Mlliyet Milliyet Blog Milliyet Blog
 
Facebook Connect
Blog Kategorileri
 

20 Kasım '14

 
Kategori
Felsefe
 

Buda - sözleri - 5

Buda - sözleri - 5
 

“Uyan. Düşüncelerinin gözlemcisi ol. Sen gözlediğin değil gözleyensin.”

“Bilen kişi, tüm fikirlerin üstesinden gelen ve onlardan kurtulandır”

 “Sağlıklı yaşamanın keyfini çıkarmak, aileye mutluluk ve herkese barış getirmek için kişi önce kendi zihnini disipline ve kontrol edebilmelidir.”

“Sulamacıların suyu istedikleri yöne yönlendirdiği, Okçuların oklarını doğrulttukları, marangozların tahtaya şekil verdikleri gibi bilgeler de zihinlerine biçim verirler.”

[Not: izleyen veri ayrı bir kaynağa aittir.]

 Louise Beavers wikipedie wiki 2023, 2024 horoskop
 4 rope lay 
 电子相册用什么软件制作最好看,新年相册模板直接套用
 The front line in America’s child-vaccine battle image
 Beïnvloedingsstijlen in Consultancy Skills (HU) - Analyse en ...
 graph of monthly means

Zihin çoğu zaman otomatik çalışır. Herhangi bir deneyim yada gözlem geçmiş tecrübelerle kıyaslanarak yorumlanır ve ona göre bir duygu veya düşünce oluşturur ve bazen de tepki ile sonuçlanır. Ama bunların çoğu otomatik gerçekleşir. Mesela daha önce topluluk içinde gürültü yapan çocuğuna müdahale etmeyen anne baba görmüşsünüzdür, yani böyle bir prototip vardır. Benzer bir durum gördüğünüzde sırasıyla şu düşünceler devreye girer. İnanç olarak “topluluk içinde çocukları gürültü yapan anne babalar hemen müdahale etmelidir” le başlayarak “Bak, hiç umrunda değil!” yargılamasıyla devam edip en sonunda da sinirli biçimde ikaz edebilir. Ama bunlar tamamen otomatiktir, aslında belki de gerçekte adam kötü bir haber almıştır çocuğa müdahale edecek halde değildir. Yada belki çocuğun özel bir problemi vardır.

Ancak zihni gözlemek, düşüncelerine yön vermek insanın elindedir. Her ne kadar bilim insanları “bilinç” hakkında çok az keşif yapabildiklerinin farkında olsalar da, eski filozof ve mistiklerin hissiyatları ile söyledikleri bazı ipuçlarını verebiliyor.

“Uyan. Düşüncelerinin gözlemcisi ol. Sen gözlediğin değil gözleyensin.”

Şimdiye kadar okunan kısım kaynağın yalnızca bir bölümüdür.